Buradan sümela manastırına doğru yola çıktık. Yolda Sürmene'de durduk. Sürmene'nin çakıları ve bıçakları meşhurmuş. paslanmaz, körelmez yıllarca iyi kesermiş. Biz de birer tane aldık bakalım gerçekten öyle mi göreceğiz. Giderken rehberimiz trabzon hakkında geniş bilgiler verdi. 2011'de gençlik olimpiyatlarına ev sahipliği yaptığı için Trabzon'a bir sürü spor kompleksi yapılmış. Her taraf yeni binalarla dolu ama şehir bir yandan da cenevizlilerden, pontus rum'lardan kalma tarihi de içinde barındırıyor. Bizans dönemine ait Ayasofya Kilisesi'ni gördükten Sümela'ya yola çıktık. Tepeyi tırmandıkça hava kararmaya yağmur çiselemeye başladı. manastır yaklaşık 1100m'de.
|
aşağdan böyle görünüyor ama hiçbir şey göründüğü gibi değildir. |
milli parka gelince dolmuşlara biniyorsunuz. gidiş dönüş için 6 lira veriyorsunuz önceden. onlar sizi belli bir mesafeye kadar getiriyor sonrasını siz yürüyorsunuz. rehber bize yok 70 merdiven çıkcaz 100 tane incez bir 300metre yürüyecez falan dedi hepimizi korkttu ama o kadar korkulacak ve abartılacak bir şey yokmuş. sadece sağ tarafın uçurum olduğunu unutmadan dikkatli bir şekilde yürümek gerekiyor.
|
binyıllık ağaç köklerine dikkat! |
|
sonunda göründü |
içerisi dışarıdan göründüğünden daha farklı. rehberin anlattığına göre atina'da yaşayan amca yeğen keşişler bir gece rüyalarında bir aziz ya da azize görüyor. bu aziz ya da azize onlara manastırın bulunduğu yeri tarif ediyor, bunlar da kalkıp yola çıkıyor. tabi hristiyanlığın yasak olduğu yıllardan bahsediyoruz. M.S 4. yy. deli misiniz nesiniz bana şu teknolojide bul deseler bulamam burayı.
giriş öğrenci 8tl.
sonraki durak atatürk köşkü,
|
köşk |
|
bahçenin bir kısmı |
çok güzel bir yere konumlanmış, Atatürk'ün vasiyetini yazdığı köşkün içinde fotoğraf çekmek maalesef yasaktı. Ama mutlaka görülmeli eski filmlerdeki gibi çok güzel.
giriş 1 tl olabilir.
3. Gün
sırada çay fabrikası gezmece var.
|
çayın memleketindeyiz |
her çay fabrikasında çay bitkisinin üst kısmından elde edilen özel bir çay olurmuş. bitkinin en lezzetli kısmı burasıymış ama az miktarda elde edildiğinden yaygın satışı yapılmazmış. tabiki turcu teyzeler bu çaylara saldırarak 10 senelik stoklarını doldurdular. biz de bu sırada çayın nasıl toplandığını ve işlemden geçirildiğini öğrendik. çok zahmetli.
sırada uzungöl.
|
uzungöl |
|
bir fotoğraf çekinebilir miyiz? |
uzungöl'de inan kardeşler'e gidip alabalık sefası yaptık. lahana çorbası içtim ilk defa. çok ağır olacağını düşünmüştüm ama beklediğim gibi çıkmadı. üstüne meşhur trabzon sütlaçı yedik. her şey çok lezizdi. uzungöl turistik olmaya başladığı için her taraf çirkin yapılarla dolmaya başlamış. var olan yeşili de bitirmeden mutlaka gidip görülmeli. ayrıca etraf arap turist kaynıyordu. sanki biri cevahiri uzungöl'e boşaltmış gibiydi.

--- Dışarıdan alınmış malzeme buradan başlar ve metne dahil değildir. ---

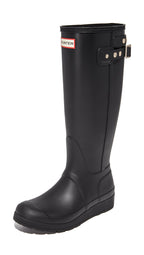Hunter Women's Original Tall Black Rain Boots - 7 B(M) US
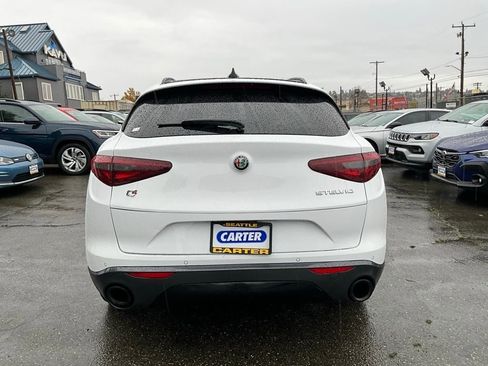 Used 2022 Alfa Romeo Stelvio Ti w/ Active Assist Plus Package image 6
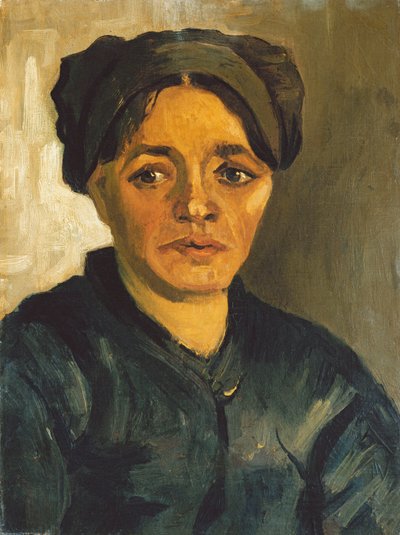 Head of a Peasant by Vincent van Gogh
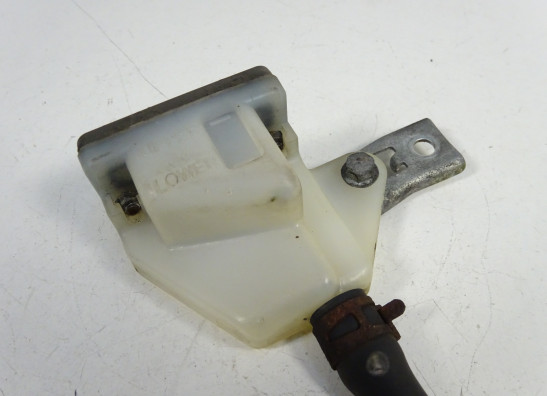 Rempomp achter Suzuki DL 650 V STROM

karnımız da doyduğuna göre haydi bakalım rize'ye ayder yaylasına gidiyoruz.
|
rize/ayder |
ayder'deki herkes buranın artık eskisi gibi olmadığını söylüyor. fotoğraftakiler dışında gerçek yayla evleri görmek artık çok zor, çünkü betonarmeleri döşeyip dışına ahşap kaplama yaparak turistisk oteller yapılıyor artık.

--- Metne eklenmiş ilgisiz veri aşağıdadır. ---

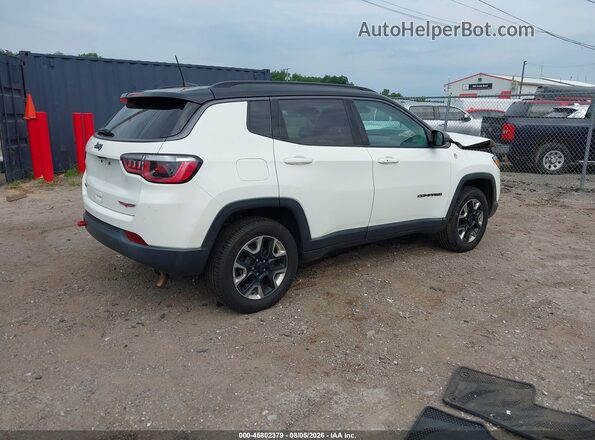 3C4NJDDB0HT597610 2017 JEEP NEW COMPASS Белый Задняя правая четверть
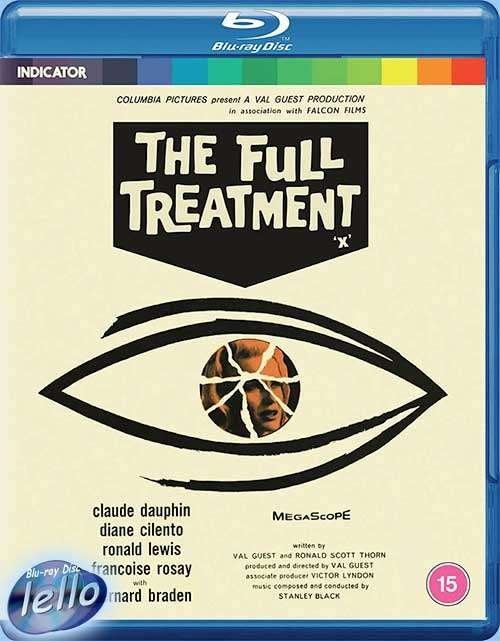 Blu-ray: The Full Treatment (1960 Claude Dauphin) UK nietNLO, Ophalen of Verzenden, Nieuw in verpakking, Thrillers en Misdaad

buradan dönüşte artvin'e otelimize yol aldık. ertesi gün batum'a gidip bir günü orada geçirdik. (Batum postunu ayrıca yapacağım.) batum dönüşü hopa'da bir gece daha kalıp dönüşte tekrar geze geze samsun'a kadar durmadık. Giresun'dan meşhur ince kadayıf ve pestil aldık. Trabzon'dan ekmeklerimizi aldık. Samsun'da rus pazarına gittik ve bolca alışveriş yaptık.
bir hafta boyunca yeşile, müziğe, komik karadeniz insanının sevimliliğine doydum. şimdi görmek istediğim bir güney ve doğu anadolu kaldı. haydi bakalım.